ALLENDE-SANTACRUZ LUCAS
Chemin de la Résistance et des Maquis
Mis en ligne sur le site le 17 avril 2020 / mise à jour 8 juillet 2024
Source des documents suivants : Dossier FTPF 1946 carton 12
(numérisation Pôle Jean Moulin LG)
Source : https://www.letelegramme.fr/cotes-darmor/lannion/lucas-fernando-allende-une-vie-de-resistance-18-08-2014-10302112.php
Lucas Fernando Allende. Une vie de résistance
Combattant, résistant, déporté, ébéniste. En Espagne puis en France. Lucas Fernando Allende Santa Cruz a lutté contre le régime de Franco. Dénoncé, il a été déporté à Dachau en 1944. Sa fille, Claudine, et ses frères, habitants de Vieux-Marché, ont retracé son parcours dont il parlait peu. L'histoire d'une vie de résistance.
Qui est Lucas Fernando Allende Santa Cruz ?
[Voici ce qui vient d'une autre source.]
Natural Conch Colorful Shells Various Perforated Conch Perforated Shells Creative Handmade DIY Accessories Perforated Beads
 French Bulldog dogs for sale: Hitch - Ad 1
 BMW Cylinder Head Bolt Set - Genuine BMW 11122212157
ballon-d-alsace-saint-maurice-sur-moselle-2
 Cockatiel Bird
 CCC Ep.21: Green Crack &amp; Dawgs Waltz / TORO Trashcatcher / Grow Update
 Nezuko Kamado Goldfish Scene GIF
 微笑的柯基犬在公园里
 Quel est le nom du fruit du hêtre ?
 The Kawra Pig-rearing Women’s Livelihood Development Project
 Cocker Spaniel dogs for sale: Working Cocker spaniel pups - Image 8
C'est notre père. Il est né le 18 octobre 1914 à Maliaño de Camargo, province de Santander. En France, sa date de naissance a été modifiée, certainement pour ne pas être reconnu après la guerre d'Espagne. Il a donc rajeuni de cinq ans, né le 19 octobre 1919.
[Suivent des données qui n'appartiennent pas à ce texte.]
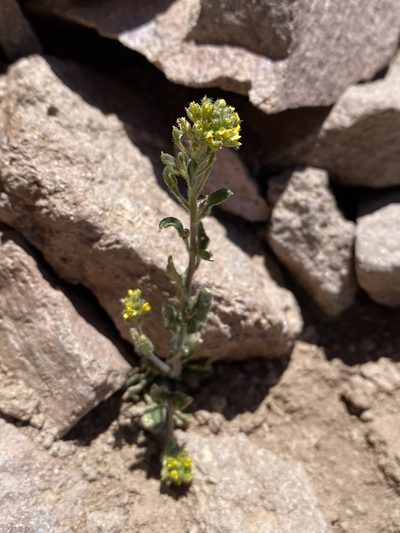 Draba aurea, photographed by Matt Berger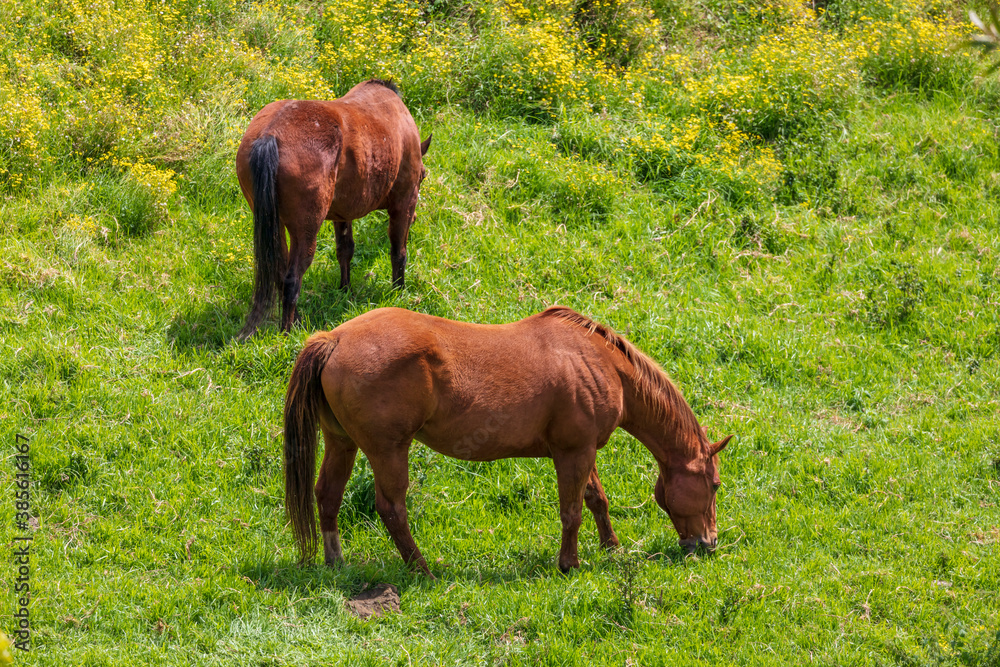 Brown horses in a green pasture in regional Australia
Dans quel contexte son histoire s'est-elle écrite ?
Le 17 et 18 juillet 1936, la guerre a éclaté en Espagne. Alors que la république était établie depuis quelques mois, les généraux factieux se sont soulevés contre le gouvernement légal. Ce putsch a été appuyé par l'Allemagne nazie et l'Italie fasciste, qui ont apporté leur soutien en hommes et en matériel aux insurgés. Pour lutter contre le général Franco, 40.000 volontaires des Brigades internationales de 53 pays différents, dont 600 Bretons, ont été envoyés, afin de secourir la République.
Quel rôle a joué votre père ?
Dans ce contexte de guerre, Lucas s'est engagé comme garde d'assaut au « Cuerpo de Asalto y Seguridad », où il a obtenu le grade de sergent. D'abord Santander puis Gijòn en Asturies, les deux batailles auxquelles il a participé ont été perdues, prises par les insurgés. Tout le nord cantabrique est alors aux mains des rebelles. Lucas prend la direction du port de La Rochelle pour regagner le nord-est de l'Espagne, encore libre. Mais le 26 janvier 1939, Barcelone tombe aux mains des Franquistes. Date à laquelle débute « la Retirada » : l'exil des réfugiés civils puis des combattants de la république espagnole.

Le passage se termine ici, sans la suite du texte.